The ōlloclip 2x Telephoto with Wide Angle and Macro was recently recommended to me. While you will see issues, I personally find the image quality to be significantly better than the YOPO. Additionally, the ōlloclip comes with a polarizing filter. If you’ve shot much around bright, reflective water, you know that’s a handy filter to have. It fits all three of the lens combinations on the ōlloclip.
I’m showing a photo of the ōlloclip on a strap you can wear around your neck. It also comes with a keychain ring to add it to your keys or whatever. It’s small and not at all heavy.
All of the images below are un-retouched. I shot most of them from very close to the same locations for the 2 series. This first image, however, was not shot in the center of the room as were several others. Without thinking, I centered myself on the fireplace.
Below is the same location from which the YOPO images were shot.
To use the macro lens, you simply unscrew the wide angle lens. This is a shot of the small plastic lens cover for the wide angle lens. It’s about the size of a nickel. The depth of field does not seem as shallow with the ōlloclip macro as I recall the YOPO.
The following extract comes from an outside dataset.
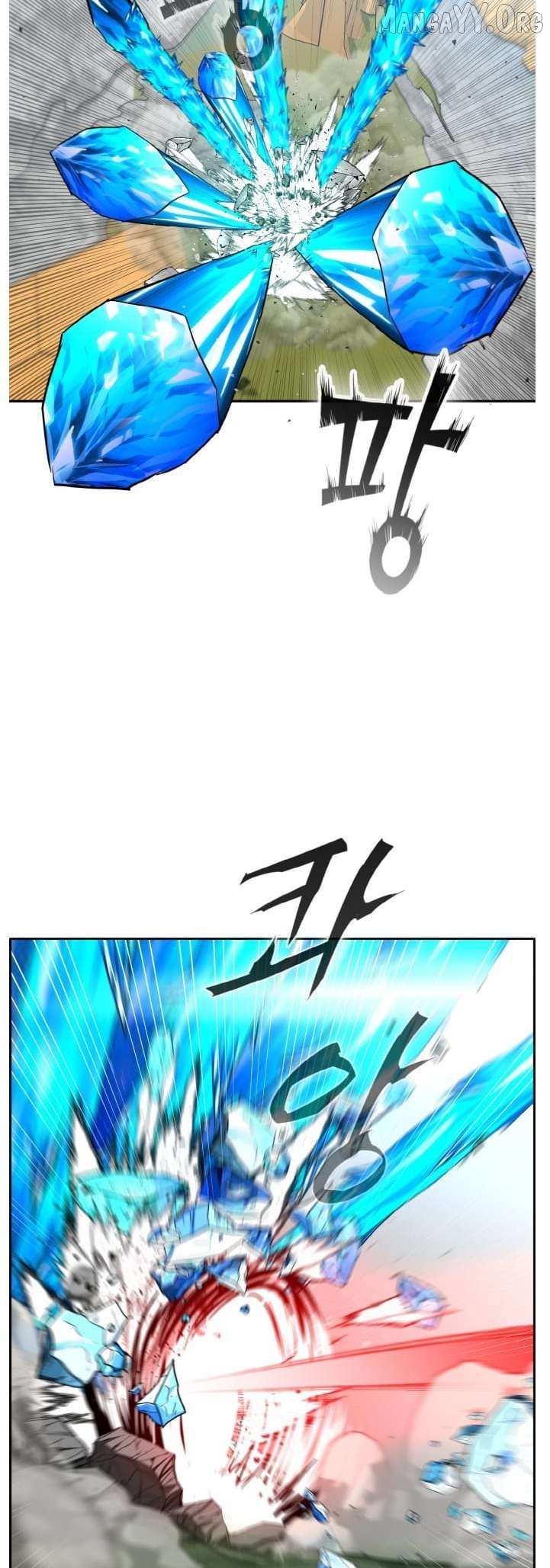 Counter Cube Chapter 135 page 49 -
Using the 2x telephoto lens pinches the image in toward its center with some blurring on the outer reaches. As I recall, the YOPO telephoto was significantly more powerful, bringing the viewer directly in front of the bricks but was so blurry as to be unusable.
Again, on the image below, you see the fireplace pulling in toward the center. It’s a perfect rectangle.
The wide angle lens has a bit of image distortion, as wide angle lenses tend to do.
Unfortunately, the outside light was intense. On this shot I stood more in the center of the room than the fireplace itself. The lens creates a bit of a bulge effect from the center—again, very common in wide angle lenses.
I personally think the ground glass of the ōlloclip lens creates a superior overall image quality: less blur, less distortion, less darkness. I would actually use this for day-to-day, add-to-my-journal shooting.
The lens adapter is small and pops onto the phone easily. While you want to check, I found that slipping the lens in the correct position over the phone’s camera’s lens was easily accomplished without any need to fiddle and get just so-so.
However, if the rumor mill can be believed, the iPhone 7 will make these lens adaptors unnecessary. Time will tell.